Casa

Cielito, ¿qué es esa nueva luz que sale de tus ojos y se refleja en toda la cocina?-, preguntó mi casa, ayer domingo, cuando en la noche nos quedamos a solas.

-Esa luz es nueva, ¿verdad? ¿la habías visto antes? yo tampoco-, contesto.

Casa me mira curiosa, mientras yo recostada cierro los ojos, suena una canción y pienso en auroras boreales.

-Pst Pst -me despierta Casa –¿qué pasa que ahora tu habitación se ha convertido en mi corazón? ¿por qué escucho tantas risas? ¿quién viene ahora y pregunta por el pasto, por el baño descompuesto? ¿es quien también te acaricia el pelo y te hace reír hasta sonar en todas mis esquinas y mover todos mis cuadros?

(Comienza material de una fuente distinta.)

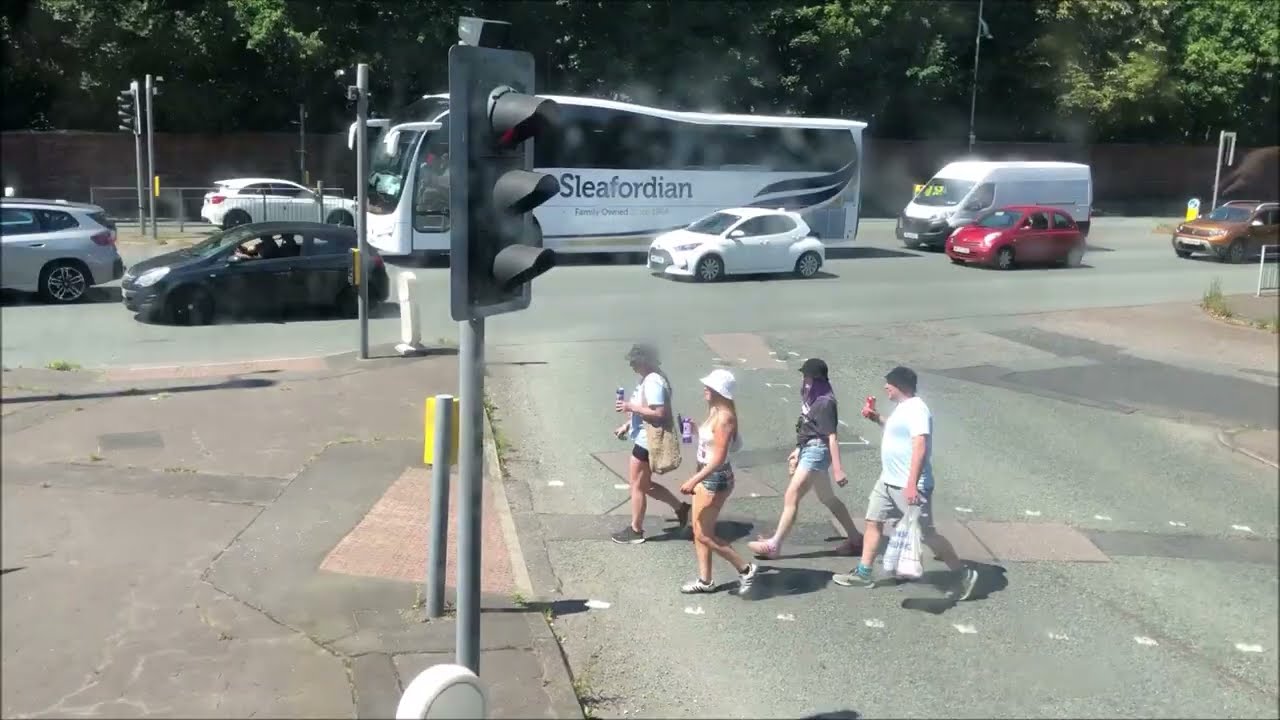 Manchester, UK trip (Day 3: Oasis concert at Heaton Park) - July 11, 2025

Abro los ojos, escucho a Casa y sonrío. Contesto que sí y no sigo más.

Ayer vi flores en la mesa y una flor de lavanda. Amo la lavanda; el aroma hace cosquillas en mis muros. Dime, ¿eres feliz? -Casa insiste.

-Sí-. Contesto sonriendo y me doy cuenta que ese calor que Casa siente, es lo que pasa cuando por fin un sitio habitable se transforma en hogar.